[Records from a collection]
+ + +
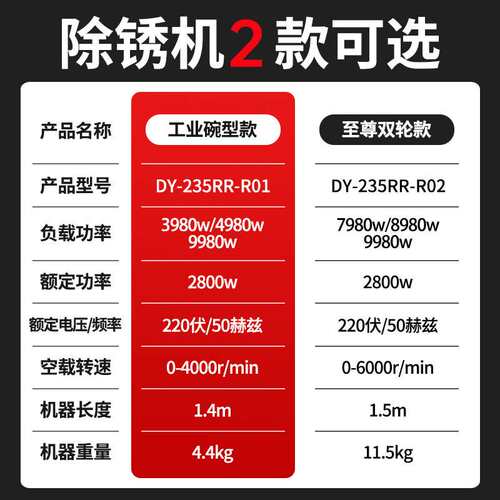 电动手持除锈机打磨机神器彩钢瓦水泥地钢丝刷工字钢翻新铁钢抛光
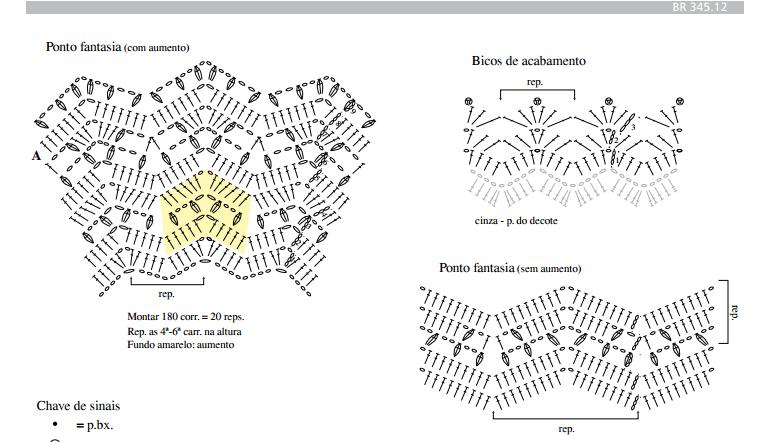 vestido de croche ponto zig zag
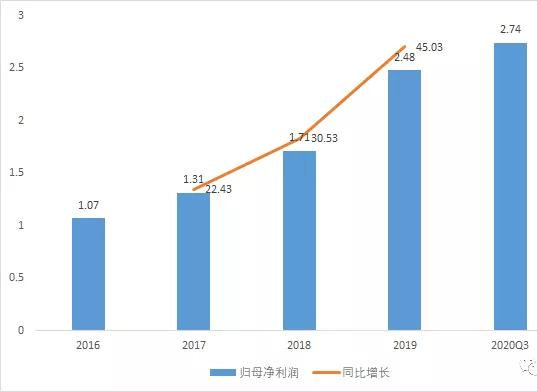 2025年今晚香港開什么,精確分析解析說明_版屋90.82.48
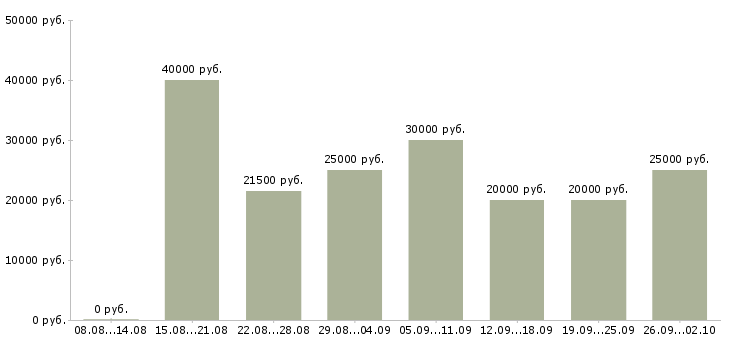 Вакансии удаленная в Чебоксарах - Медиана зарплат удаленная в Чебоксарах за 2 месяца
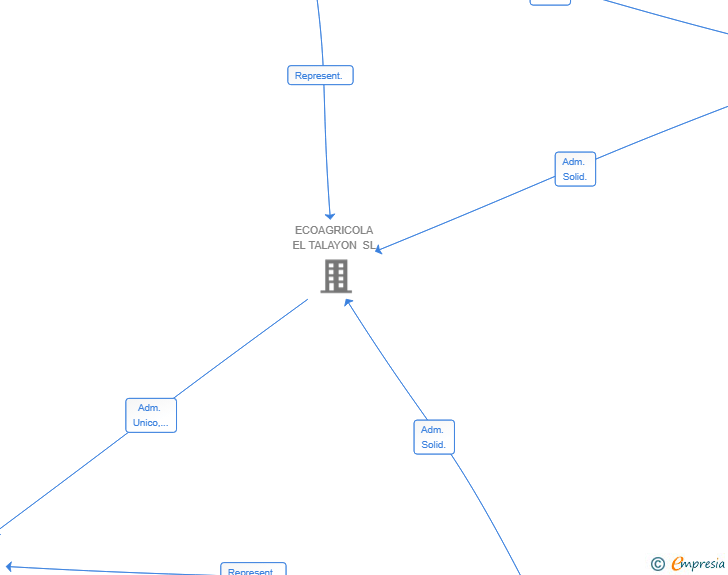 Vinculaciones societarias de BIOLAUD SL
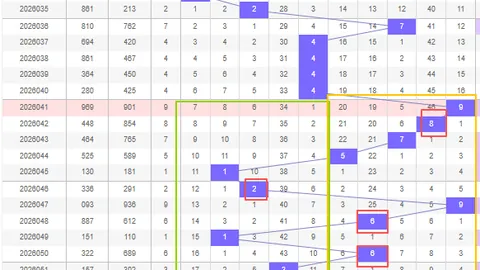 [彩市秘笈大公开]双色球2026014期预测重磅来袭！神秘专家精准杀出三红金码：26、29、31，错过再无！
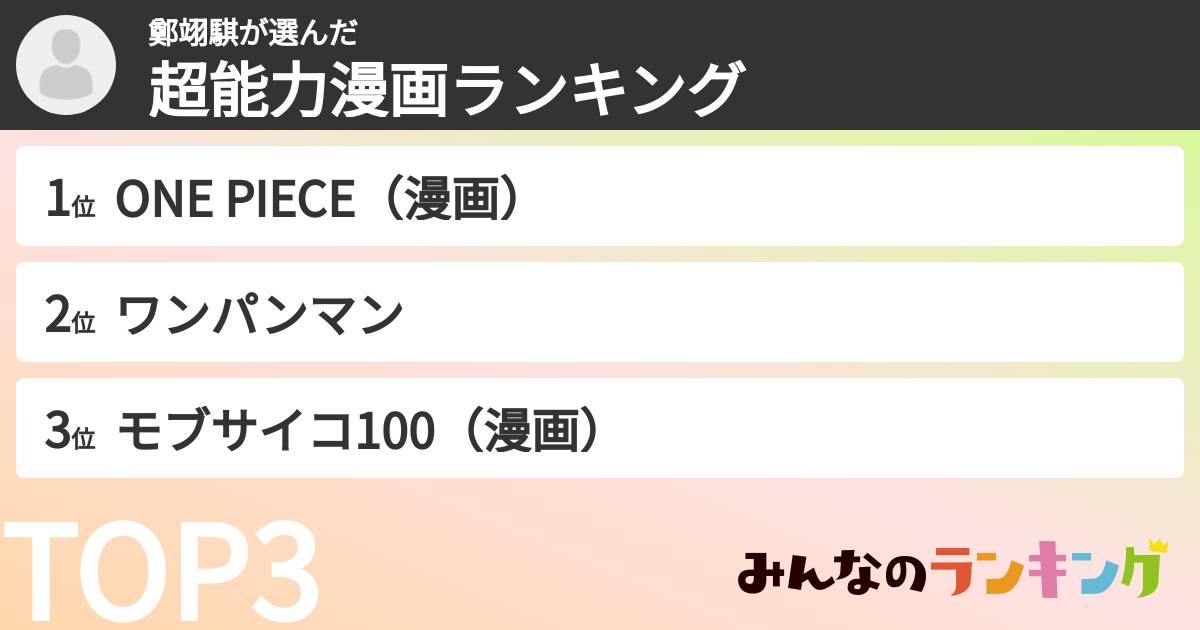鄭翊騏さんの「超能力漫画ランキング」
+ + +
## What to produce:
Reproduce verbatim, and only, the lines starting at the one that contains "vestido de croche ponto zig zag" and ending with the final line of the records; leave out the pictures.

## Completed exercise:
 vestido de croche ponto zig zag
 2025年今晚香港開什么,精確分析解析說明_版屋90.82.48
 Вакансии удаленная в Чебоксарах - Медиана зарплат удаленная в Чебоксарах за 2 месяца
 Vinculaciones societarias de BIOLAUD SL
 [彩市秘笈大公开]双色球2026014期预测重磅来袭！神秘专家精准杀出三红金码：26、29、31，错过再无！
鄭翊騏さんの「超能力漫画ランキング」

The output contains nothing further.